April Yayıncılık’ın neredeyse dünyayla aynı anda çevirip, yayınladığı Vejetaryen’i okumamın üzerinden bir kaç kitap geçti. Ancak kitap hakkında bir türlü yazmaya fırsat bulamadım. Fakat ne olursa olsun, bana göre bu kitap, hakkında yazılmaya da okunmaya da değer. 

Han Kang ile ilk tanışıklığım pek çok Türk okur gibi çok ama çok yeni. Koreli bir kadın yazar olduğunu bile bile kitabı aldım. Kadın yazarlar konusunda ekstra bir seçiciliğim var, özellikle bana yeniliklerle gelebilecek yazarları okumaya özen gösteriyorum. Bu konudaki görüşlerimi biraz daha ayrıntılı olarak Ursula K. LeGuin’in Mülksüzler’ini tavsiye ederken yazmıştım.

Vejetaryen-Han Kang

Kitaba başladığımda ilk 10 sayfasını adeta yutar gibi okudum. Hatta heyecanlanıp, “vay canına kadının dili ne kadar boyutlu ve kıvrak” diye eşimi esir edip bazı bölümlerini yüksek sesle de okumuşluğum vardır. Sonralarında, özellikle kitabın ikinci bölümü olan Moğol Lekesi sayfalarında, kendime kızdım. Bir kitabı ikinci sayfasından kıvırıp bırakmak kolay da, ortasına gelmişken vazgeçmek yakışık almaz gibi geldi bana. Ama o sayfalarda bir kadın yazar okuduğumu buram buram hissettim. Sonra gelecek her cümleyi tahmin edip, şişerek okudum ne yalan söyleyeyim. Fakat büyük tokat kitabın son bölümündeymiş. Han Kang, öylesi kıvrak ve eşsiz bir kurguyla sizi yakalıyor ki, hakkında düşündükleriniz için yüzünüz kızarıyor. İnsan ve dahi kadın olmanın peşine takılan, varoluşun zaman zaman nasıl da anormalleşebildiğini gözler önüne seren üçüncü bölüm oldukça etkileyici. Kitabın üçüncü bölümünün ana kahramanı; beklenenin aksine “bir rüya görüp vejetaryan olmaya karar veren ve işi insan olmaktan vazgeçmeye vardıran” Yonğhe değil. Yonğhe’nin ablası. Sanki kitabın adı Vejetaryen değil de “Vejetaryen’in Ablası” olmalıymış dedirtecek kadar eşsiz bir idrak ve deneyimi gözler önüne seren özel bir bölüm. Etkilendim fena halde.

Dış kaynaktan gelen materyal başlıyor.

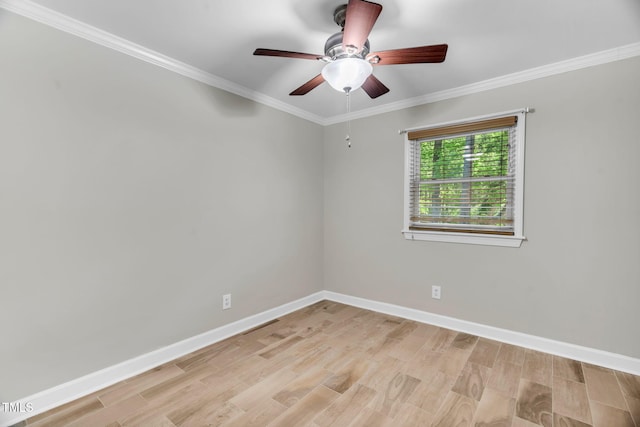 308 Lynn Rd, Durham, NC 27703 - unfurnished room featuring crown molding, light wood-type flooring, baseboards, and ceiling fan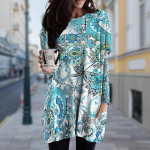 Naiste Paramecium Print Crew kaelaga kleit kevads&uuml;gisene suures suuruses taskukleit XS lilla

Sabretmeyi yaşamak sanıyoruz.

Başlıkta söylediğim “modüler roman” meselesini biraz daha açmak istiyorum. Han Kang kitabın sonuna düştüğü notlarda bu konuyu biraz anlatıyor aslında. Kitap, birbirinden bağımsız okunduğu zaman çokça anlam ifade eden etkileyici üç öyküden oluşuyor. Ancak bu üç öykü bir araya geldiğinde gümbür gümbür bir anormallikler romanına dönüşüyor. İlk bölüm ana kahraman vejetaryan olan Yonğhe üzerinden ilerleyen ve kitaba adını veren bölüm. Moğol Lekesi adını taşıyan ikinci bölümde ise Yonğhe’nin video artist olan eniştesinin, yani ablasının kocasının dünyasına dalıyoruz. Daha doğrusu bana göre pek de dalamıyoruz. Yani ben dalamadım. Karakterin erkekçe dünyasını tüm çıplaklığıyla anlatmaya çalışan Han Kang’ın burada biraz zorlandığını düşünüyorum. Üçüncü bölüm Alev Ağacı ise baş yapıt. Yonğhe’nin ablası. Daha fazla yazıp, kitabı okuyacakların tadını kaçırmak istemiyorum. Ancak Vejetaryen, modüler bir roman derken ne demek istediğimi sanırım anlamışsınızdır. Öykülerin birleştiğinde romana dönüşümü etkileyici. Romanların ayrı ayrı üçlemelerine alışkınız ancak bu analitik zekanın yaratıcılıkla buluştuğu çok özel bir örnek olmuş. Kıskanılacak kadar güzel.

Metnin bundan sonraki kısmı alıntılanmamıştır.